* INSTRUCTIONS FOR THE TASK
Lines from the material below that hold the string "Avenue" are what is needed; copy each of them.

* DATA PROVIDED
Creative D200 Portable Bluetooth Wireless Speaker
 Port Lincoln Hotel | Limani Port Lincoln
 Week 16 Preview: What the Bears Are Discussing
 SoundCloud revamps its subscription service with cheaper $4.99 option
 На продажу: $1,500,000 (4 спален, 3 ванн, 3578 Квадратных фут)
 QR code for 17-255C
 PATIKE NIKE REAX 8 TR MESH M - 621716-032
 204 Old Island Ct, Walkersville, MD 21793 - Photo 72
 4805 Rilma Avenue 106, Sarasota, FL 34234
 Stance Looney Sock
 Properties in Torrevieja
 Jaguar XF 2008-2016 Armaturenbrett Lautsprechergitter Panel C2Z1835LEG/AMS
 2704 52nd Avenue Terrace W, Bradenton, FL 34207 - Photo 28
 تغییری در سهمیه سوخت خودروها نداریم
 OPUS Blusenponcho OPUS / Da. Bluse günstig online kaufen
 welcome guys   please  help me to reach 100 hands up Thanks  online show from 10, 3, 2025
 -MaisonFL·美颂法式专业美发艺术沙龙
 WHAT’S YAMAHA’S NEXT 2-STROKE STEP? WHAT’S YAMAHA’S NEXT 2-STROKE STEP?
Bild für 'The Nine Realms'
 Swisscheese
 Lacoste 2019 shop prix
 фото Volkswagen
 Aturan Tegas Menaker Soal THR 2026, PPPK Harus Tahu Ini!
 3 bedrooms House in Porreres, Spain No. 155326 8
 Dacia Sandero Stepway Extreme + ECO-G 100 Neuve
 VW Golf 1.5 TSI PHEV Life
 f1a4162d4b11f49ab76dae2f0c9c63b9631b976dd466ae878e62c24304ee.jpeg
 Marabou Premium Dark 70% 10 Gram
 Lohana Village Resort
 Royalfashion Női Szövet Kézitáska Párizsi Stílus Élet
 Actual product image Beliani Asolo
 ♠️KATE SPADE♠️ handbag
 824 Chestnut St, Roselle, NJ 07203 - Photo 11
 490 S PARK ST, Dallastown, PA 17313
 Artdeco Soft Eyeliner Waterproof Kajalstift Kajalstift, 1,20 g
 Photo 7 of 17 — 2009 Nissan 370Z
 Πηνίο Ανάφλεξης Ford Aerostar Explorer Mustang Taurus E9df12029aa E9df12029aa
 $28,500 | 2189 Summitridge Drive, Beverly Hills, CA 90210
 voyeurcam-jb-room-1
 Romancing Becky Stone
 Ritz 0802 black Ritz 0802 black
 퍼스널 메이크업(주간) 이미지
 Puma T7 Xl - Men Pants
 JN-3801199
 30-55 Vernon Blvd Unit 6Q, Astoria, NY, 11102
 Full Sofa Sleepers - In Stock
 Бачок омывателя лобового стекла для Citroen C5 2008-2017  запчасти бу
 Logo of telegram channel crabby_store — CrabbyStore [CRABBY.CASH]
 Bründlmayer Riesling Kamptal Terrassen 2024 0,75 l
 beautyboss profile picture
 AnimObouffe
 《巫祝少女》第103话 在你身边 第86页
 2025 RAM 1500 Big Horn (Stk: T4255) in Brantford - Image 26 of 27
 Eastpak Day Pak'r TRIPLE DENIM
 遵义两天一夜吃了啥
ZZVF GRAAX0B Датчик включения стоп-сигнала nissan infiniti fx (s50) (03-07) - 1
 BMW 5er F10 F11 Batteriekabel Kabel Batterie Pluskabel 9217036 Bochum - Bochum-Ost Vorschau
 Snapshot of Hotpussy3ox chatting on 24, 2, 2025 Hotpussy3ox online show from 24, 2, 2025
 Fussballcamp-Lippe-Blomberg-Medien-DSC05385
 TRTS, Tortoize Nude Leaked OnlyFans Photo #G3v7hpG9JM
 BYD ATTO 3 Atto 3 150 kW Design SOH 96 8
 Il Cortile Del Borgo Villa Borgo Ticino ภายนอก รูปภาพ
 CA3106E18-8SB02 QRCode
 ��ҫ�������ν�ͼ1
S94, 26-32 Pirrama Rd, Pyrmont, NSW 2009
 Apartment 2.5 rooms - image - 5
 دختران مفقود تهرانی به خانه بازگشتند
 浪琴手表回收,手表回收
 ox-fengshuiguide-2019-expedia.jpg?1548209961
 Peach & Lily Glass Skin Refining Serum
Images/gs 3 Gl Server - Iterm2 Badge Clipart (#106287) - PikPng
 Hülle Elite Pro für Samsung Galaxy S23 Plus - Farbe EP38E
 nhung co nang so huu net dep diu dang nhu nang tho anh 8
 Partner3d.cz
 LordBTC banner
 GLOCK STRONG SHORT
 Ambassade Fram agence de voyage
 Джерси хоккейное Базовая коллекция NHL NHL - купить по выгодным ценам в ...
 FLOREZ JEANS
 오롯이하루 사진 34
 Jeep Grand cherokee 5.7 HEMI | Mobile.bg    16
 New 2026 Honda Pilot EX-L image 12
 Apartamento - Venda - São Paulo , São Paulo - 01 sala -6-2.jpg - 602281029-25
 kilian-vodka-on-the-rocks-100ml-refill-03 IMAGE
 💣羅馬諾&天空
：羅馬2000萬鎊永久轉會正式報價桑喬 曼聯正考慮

* WRITTEN RESPONSE
 4805 Rilma Avenue 106, Sarasota, FL 34234
 2704 52nd Avenue Terrace W, Bradenton, FL 34207 - Photo 28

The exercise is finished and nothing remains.